The purpose of this resource is to provide information and tools for those interested in increasing their understanding of palliative care and how it is used in both hospice settings and in palliative care settings. It is also helpful for those interested in working in this type of setting.
The Relationship of Hospice and Palliative Care
Palliative care is for anyone with a serious illness and provides additional support to the patient and family. In the early stages of a serious disease, a person may work with a palliative care team to promote access to disease-related specialists, develop a life care plan, and receive emotional and psychological support. A patient can obtain palliative care at any age and at any stage of a serious illness. Palliative care is not dependent on prognosis and can be provided along with curative treatment. Such patients would not qualify for hospice services.

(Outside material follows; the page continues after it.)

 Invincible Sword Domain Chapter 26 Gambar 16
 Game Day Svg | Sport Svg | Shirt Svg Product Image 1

In the later stages of disease, when death is likely within 6 months and the patient is no longer seeking curative measures, the palliative care team can facilitate a smooth transition to a hospice program.
The Hospice Team
Hospice care is provided by an interdisciplinary team (IDT).1 The core team, as defined by the Medicare Hospice Benefit (MHB),1 includes physicians, nurses, social workers, and bereavement counselors. These team members are required to provide care for every patient. The broader team includes providers of therapy services (eg, physical therapy, occupational therapy, and speech therapy), home health aides, chaplains, volunteers, dieticians, and pharmacists, as well as others involved in customizing appropriate care for each individual. Each hospice agency has its own approach, providing unique blends of care.
The Palliative Care Team
The members of a Palliative Care Team may be similar to the Hospice team but the focus is not necessarily on the process of dying. Physicians, nurses, social workers, physical therapy, occupational therapy, speech therapy, home health aides, dieticians, and pharmacists are likely to again be part of the team in addition to chaplains and volunteers but their role may not be utilized or as active all depending on individual need.